Updates to Lab1

gingi · gingi · commit bfa5aef3de1d · 2018-08-06T22:07:46.000-04:00
diff --git a/Lab1/Tutorial.md b/Lab1/Tutorial.md
@@ -3,8 +3,8 @@
 This lab focuses on helping you become familiar with Azure CycleCloud, a tool
 for orchestrating HPC clusters in Azure.
 
-Please send questions or comments to the Azure CycleCloud PM team -
-<mailto:askcyclecloud @ microsoft.com>
+Please send questions or comments to the Azure CycleCloud PM team:
+askcyclecloud AT microsoft.com.
 
 ## Goals
 * Create a fully functional, configured Azure CycleCloud instance that can be
@@ -22,11 +22,13 @@ Please send questions or comments to the Azure CycleCloud PM team -
 There are several ways to install and setup an Azure CycleCloud server.
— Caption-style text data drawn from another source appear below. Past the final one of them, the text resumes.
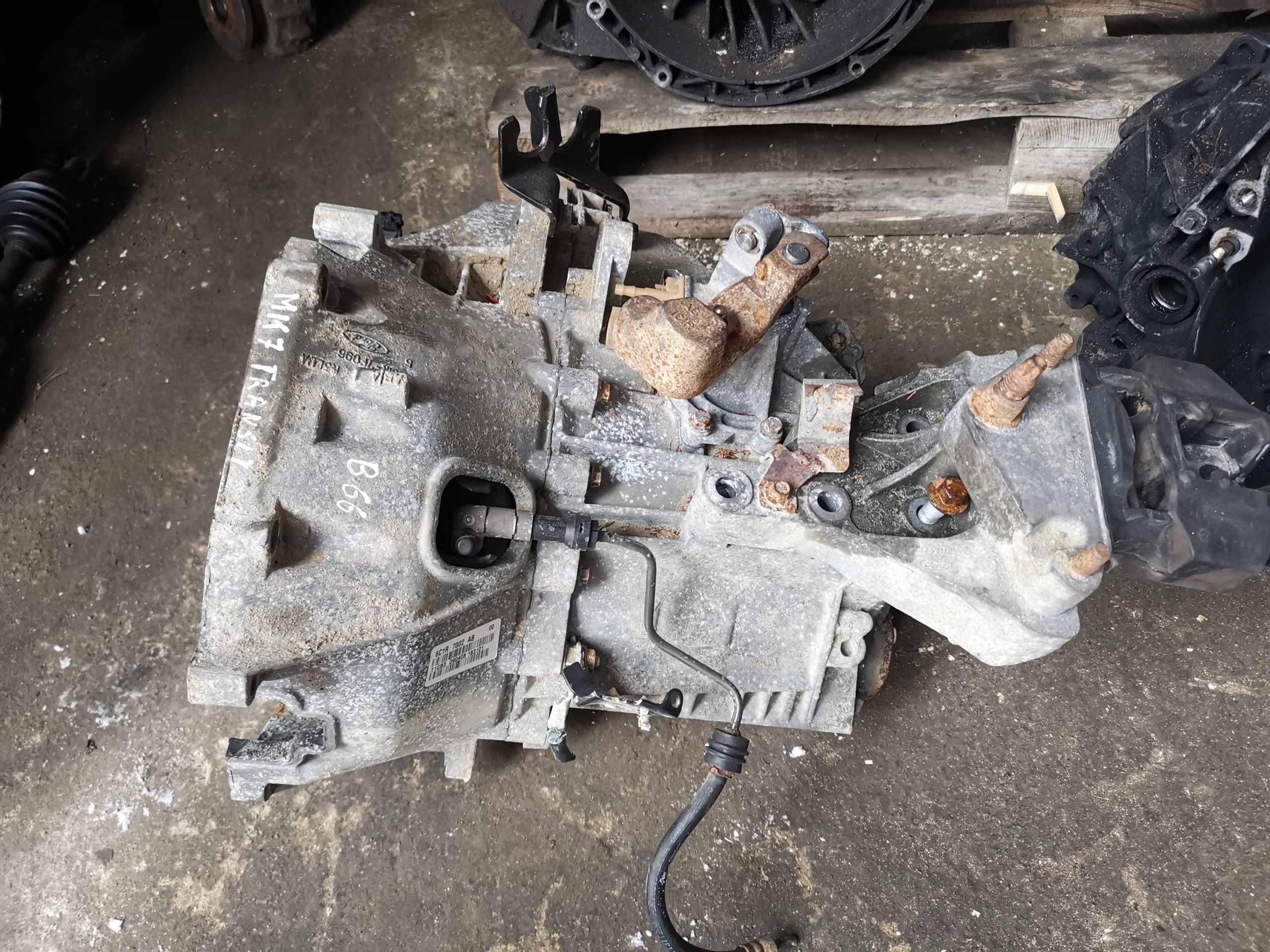 převodovka 6c1r7002ab Transit Mk7 06- 2.2tdci, Auf Lager in der EU — Foto 1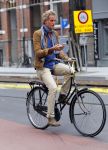 Amsterdam 23 september 2014
Jeroen Pauw op de fiets in Amsterdam zuid continu kijkend op zijn mobiel.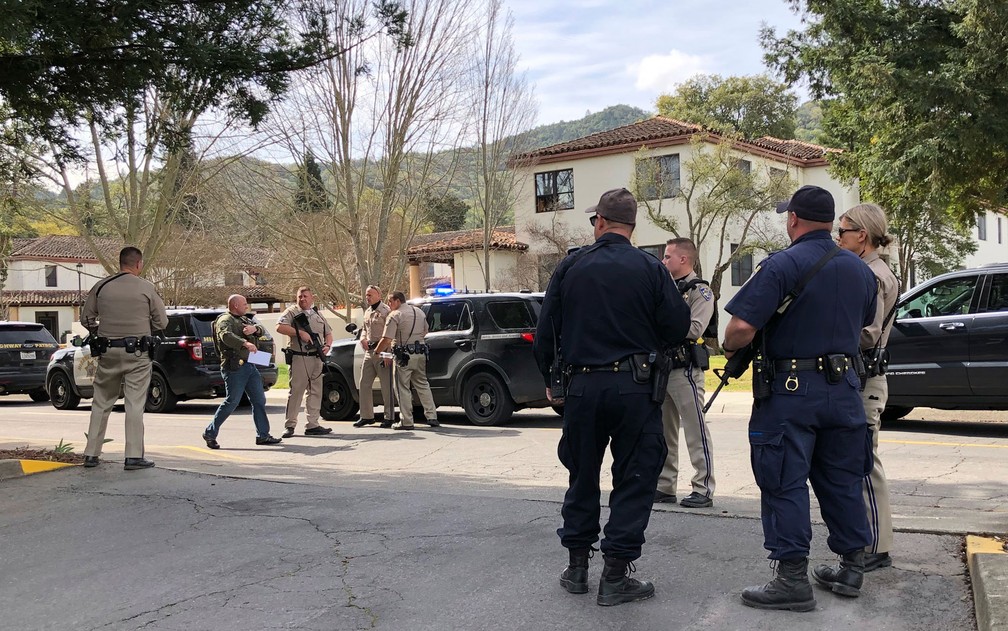 Policiais e membros de outras forças da lei americanas são vistos do lado de fora da Veterans Home of California em Yountville, na sexta-feira (9) (Foto: JL Sousa/Napa Valley Register via AP)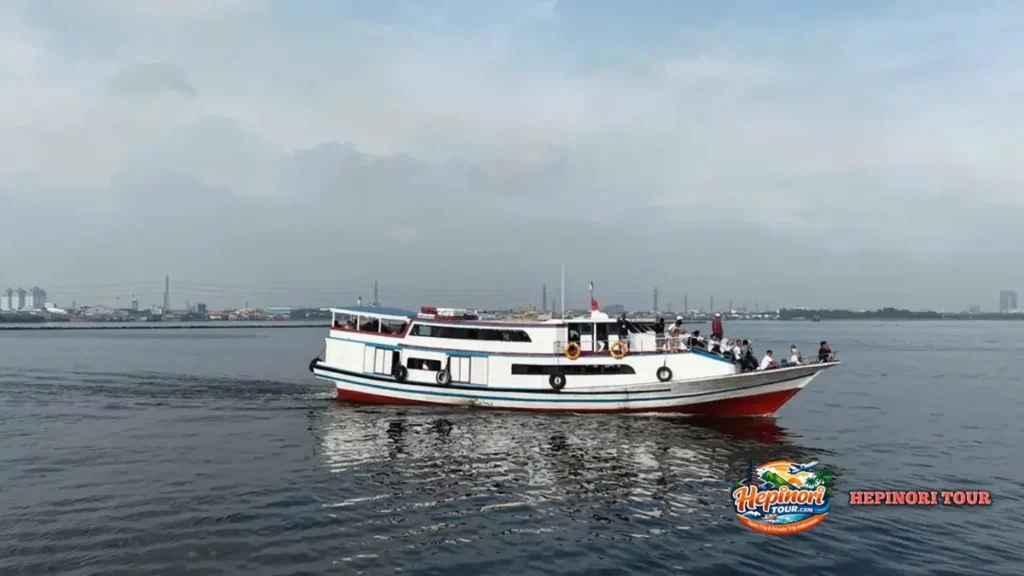 Cara ke Pulau Pari dari Jakarta menggunakan kapal dari Muara Angke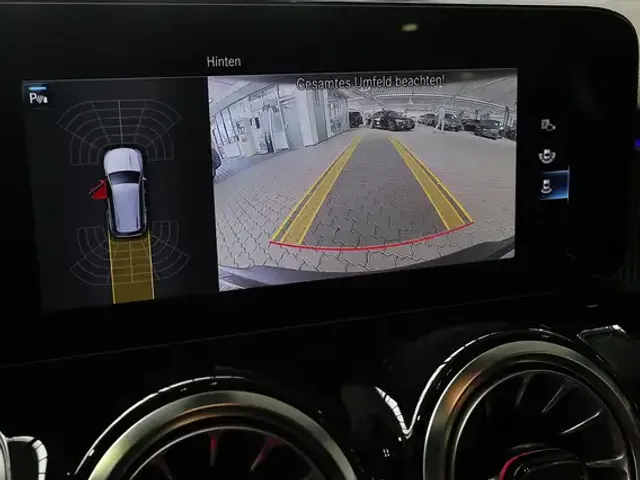 Mercedes-Benz EQB 250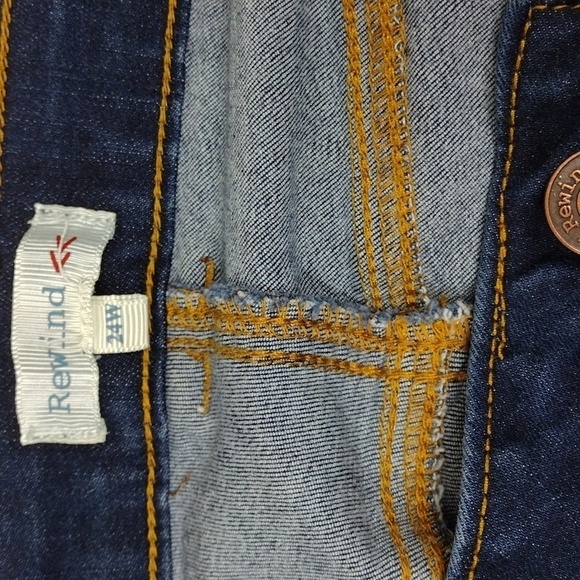 Rewind Blue Whiskering Distress Dark Wash Five Pocket High Rise Skinny Leg Jean - Picture 7 of 13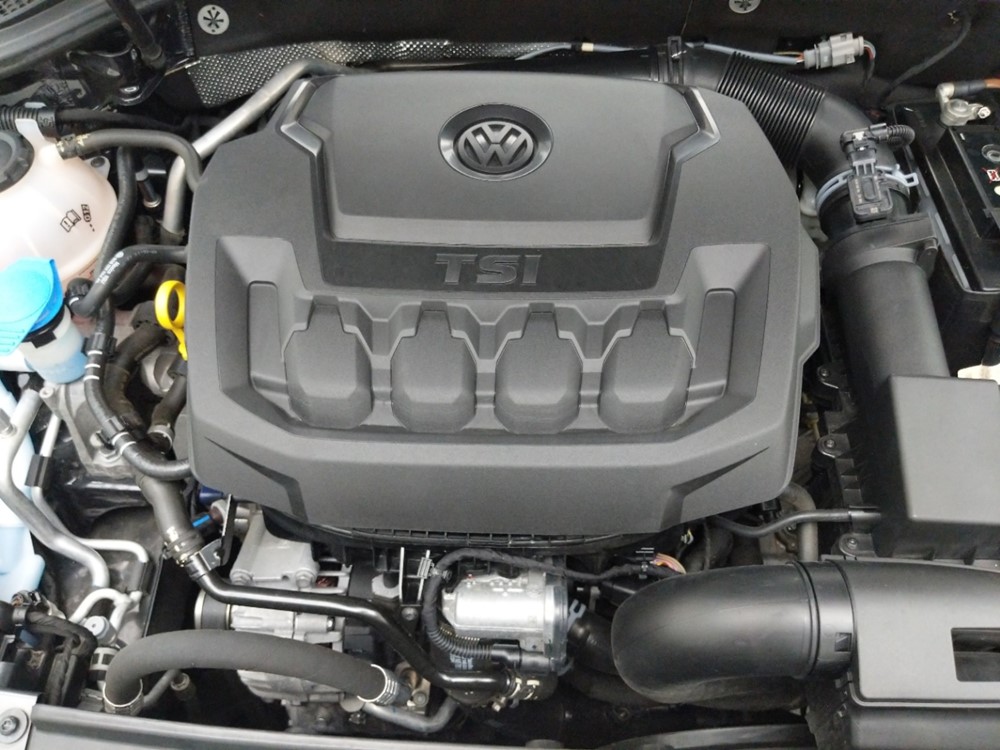 2018 Volkswagen Passat - Engine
For this
 lab, you'll be deploying Azure CycleCloud onto a VM via an ARM template. 
 
-As you follow the steps below, *please keep track of the following*: 1. The
-    domain name (FQDN) of your Azure CycleCloud. 2. The `username` used in the
-    ARM template. If you followed the QSG, the same `username` should be used in
-    the Azure CycleCloud web UI. 3. The `password` created in the Azure
-    CycleCloud web UI for your user.
+As you follow the steps below, *please keep track of the following*:
+
+1. The domain name (FQDN) of your Azure CycleCloud.
+2. The `username` used in the ARM template. If you followed the QSG, the same
+   `username` should be used in the Azure CycleCloud web UI.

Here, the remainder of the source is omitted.